Reus arbeitet für die Industrie, Verwaltungsgesellschaften, Einzelhandelsunternehmen, öffentliche Auftraggeber, aber auch für viele Privatkunden. Von Hanau aus schwärmt die Flotte der grün-weißen Transportfahrzeuge allmorgendlich ins gesamte Rhein-Main-Gebiet aus. Genau wie viele andere Handwerksunternehmen stellen die Corona- und Kriegsbedingungen Lücken In den Lieferketten und der enorme Preisanstieg bei den Materialien besondere Anforderungen an das Team Reus. "Vor allem bei Metall, Glas und Holz mache sich diese enorme Teuerung bemerkbar — bei gleichzeitiger Verlängerung der Lieferzeiten“, bedauert Herbert Reus und versichert "wir versuchen sehr engagiert, die negativen Auswirkungen für unsere Kunden aufzufangen."

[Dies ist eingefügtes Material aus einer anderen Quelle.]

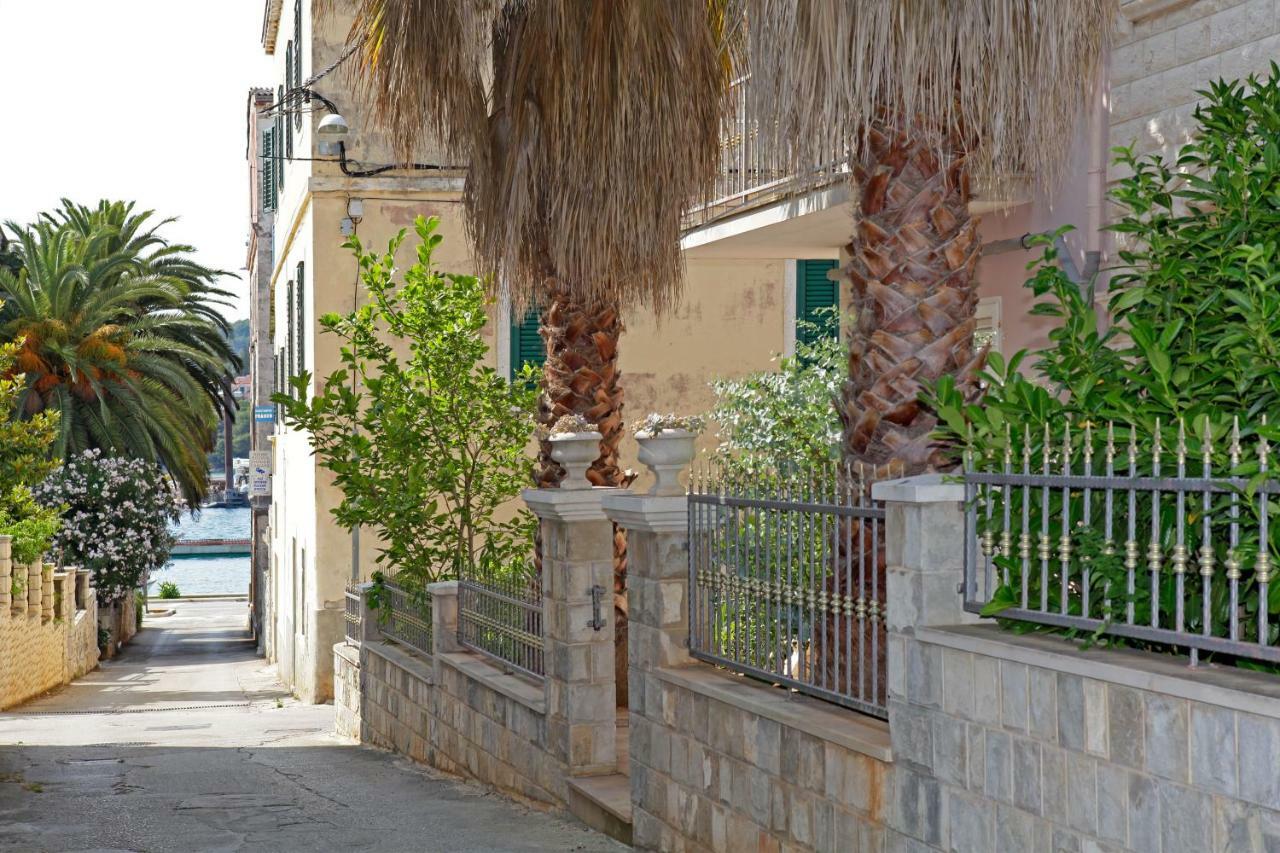 Apartment Ambroz Vela Luka Ngoại thất bức ảnh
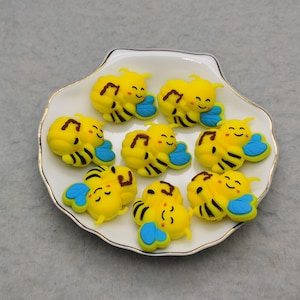 Silicone Bead Honeybee Honey Bee Hornet Focal Bead for Pen Bracelet Necklace Keychain Lanyard , Silicone Bead Bulk DIY Charm Finding XS1110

Zuversichtlicher Blick in die Zukunft

In die überschaubare Zukunft der nächsten Jahre schauen Herbert und Maria Reus zuversichtlich. Reus meint, dass die erforderlichen Energieeinsparungen und auch der Trend zum Outdoor Living im Privatbereich bei gleichzeitig historisch niedrigem Zinsniveau anhalten wird. "Ganz wichtig ist, dass wir mit unserem zuverlässigen und engagierten Team von Fachkräften weiterhin so gut zusammenarbeiten um die Kundenwünsche zufriedenstellend erfüllen zu können."

Gefeiert wurde das Firmenjubiläum jetzt im kleinen familiären Kreis der Mitarbeiter. Außerdem wird eine karitative Einrichtung in Hanau von dem runden Geburtstag profitieren, die eine große Spende des Unternehmens erhalten soll. Familiär und mit Herz - ein Fest also ganz im Sinne von Großmutter Scholastika.